Anything went | Fashionable anti-fashion at Charleston’s new gallery
The economist John Maynard Keynes sits in the garden of Charleston Farmhouse in the summer of 1917, painted by his host, friend and former lover Duncan Grant. At the time Keynes was working for the Treasury, designing the terms of credit with Britain’s wartime allies: legend has it that while sitting for the portrait he was drafting a telegram ‘to ensure the economic survival of the United Kingdom’.
The painting is in the collection of the Charleston Trust, and is in the inaugural exhibition in their new gallery in Lewes, East Sussex, which opened with a sumptuous private view this week, attended by around 500 guests.
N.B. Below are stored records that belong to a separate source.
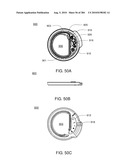 APPARATUS, SYSTEM AND METHOD FOR FLUID DELIVERY diagram and image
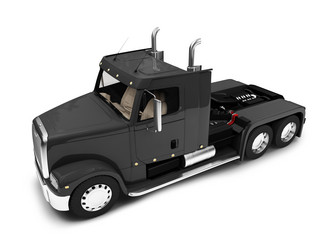 Similar image 129686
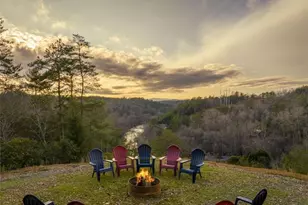 21 Riverview Circle, Blue Ridge, GA 30513 - Photo 45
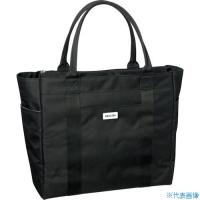 ■HOZAN トートバッグ B722(8521545) | ファーストWORKヤフー店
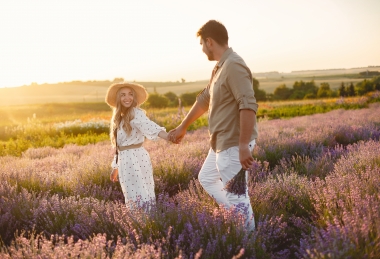 Tavaszi felfrissülés Füreden 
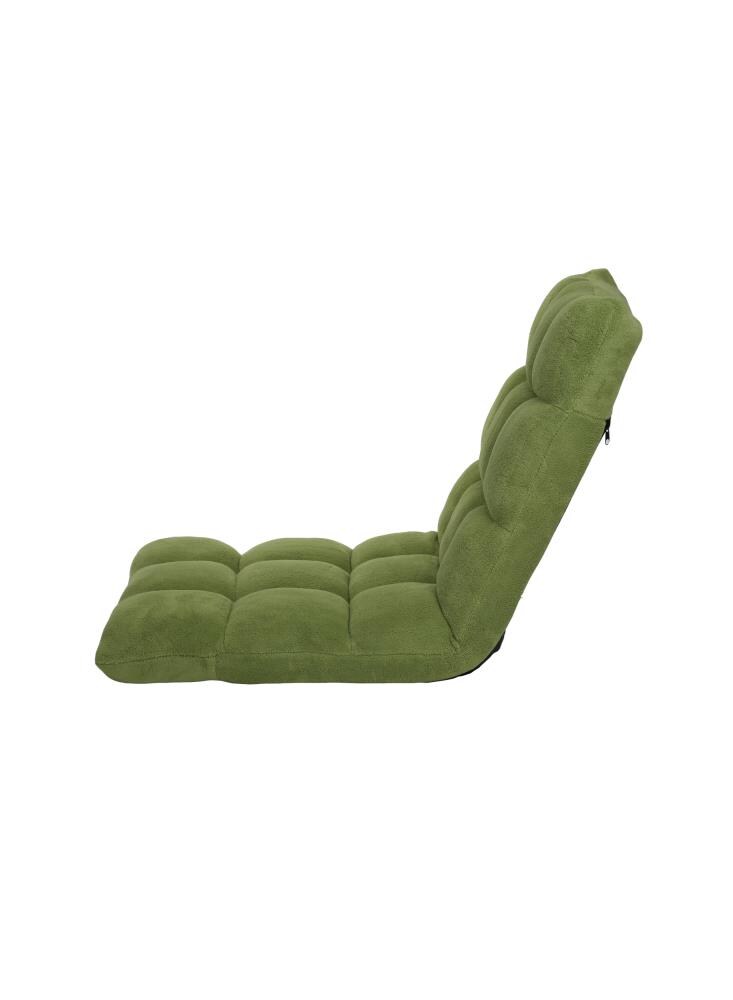 Chic Home Design FRC2749-LW recliners - View #3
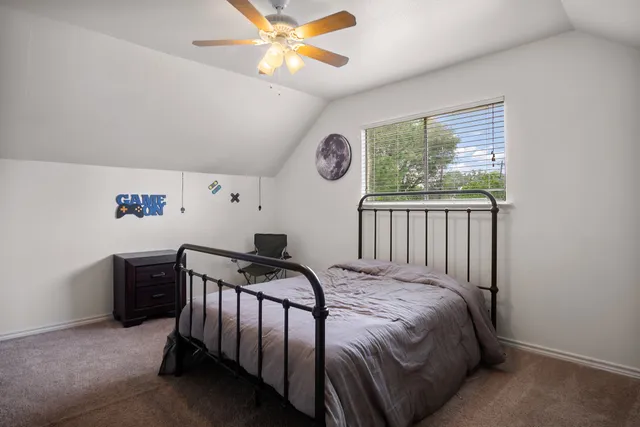 $2,500 | 706 Yale Lane, Deer Park, TX 77536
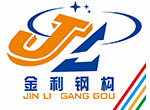 重慶安厚達塑膠制品有限公司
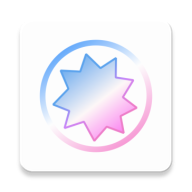 原神祈愿模拟器香菇汉化版v76 最新版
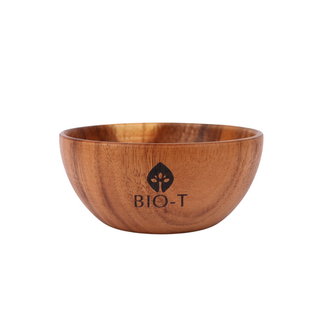BIO-T Bamboo Bowl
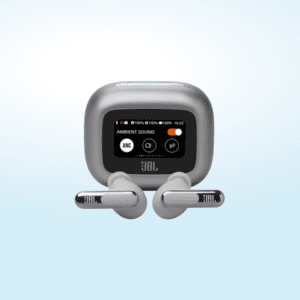 سماعة-أذن-JBL-Live-Beam-3-بلوتوث-4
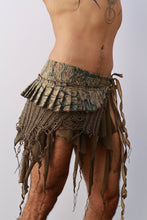 Load image into Gallery viewer, Huntress Skirt
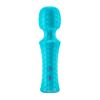 Image de FemmeFunn - Ultra wand mini Aqua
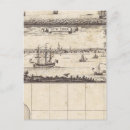 Buscar estados unidos postales City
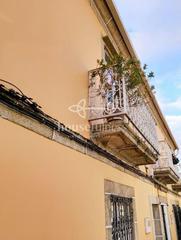 Appartamento in Neda Appartamento in Neda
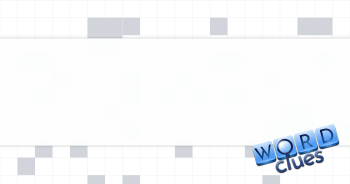 Paisley Park Records founder Crossword Clue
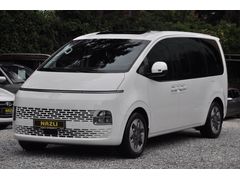 2025 HYUNDAI STARİA (senetle taksitlendirme seçeneğimiz vardır)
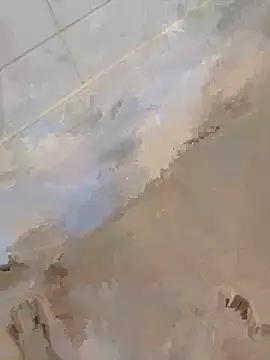 Snapshot of ankitmishra0527 chatting on November 14, 2025, 11:25 am ankitmishra0527 online show from November 14, 2025, 11:25 am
The gallery is situated in the building which was, until the early summer, used by the Lewes District Council as their main HQ: it has been a remarkable feat to convert it in such a short time into an art venue.
The show is titled Bring No Clothes, and it examines the Charleston group’s liberal attitude to clothing, and the enduring influence this has had on the fashion industry, up to the present day, with brands such as Dior, Fendi, Burberry, Comme des Garçons and Erdem acknowledging inspiration from the radical group’s designs and philosophies. Vanessa Bell and co eschewed and subverted the formal restrictions of Victorian and Edwardian fashion, and this is reflected in the clothes they wore – or didn’t wear – recorded in the photographs and portraits they took and painted of one another, many of which adorn the walls of this show, alongside Charleston-inspired items of clothing. The title of the piece is taken from Bell’s stated dress code for parties and weekends at Charleston, also attended by the likes of her sister Virginia Woolf, EM Forster and Lyton Strachey; another mantra was ‘don’t trouble to dress’.
Keynes is wearing a colourful hat and no tie, but as the caption points out, ‘even though [he] is in the privacy of Charleston, where anything goes, he still wore tailoring’. Other paintings in the show, notably a self portrait of Grant wearing nothing but a turban, and another Grant portrait of his long-term lover Paul Roche louchely reclining on a divan draped in green satin shorts and gown, show that other guests were even less formal in their attire. Again, the caption is worth quoting: ‘Roche is in recline, but the alertness of his body suggests he is ready for, or recovering from, action.’ Racy stuff: much is made of Grant’s ‘Queer gaze’.
There are two gallery spaces in Charleston’s new Lewes venue: upstairs you can see an exuberant exhibition of the work of contemporary Kent-based artist Jonathan Baldock. Baldock works across installation, performance and sculpture, creating colourful large-scale works, in fabric and ceramics, which are theatrically camp and humorous, with dark, macabre undertones. It is full of faces, flowers, hands and tentacles. The show concludes with a four-poster double bed, covered by a Charleston-influenced bedspread, on which visitors are invited to recline. One imagines Duncan Grant would have approved.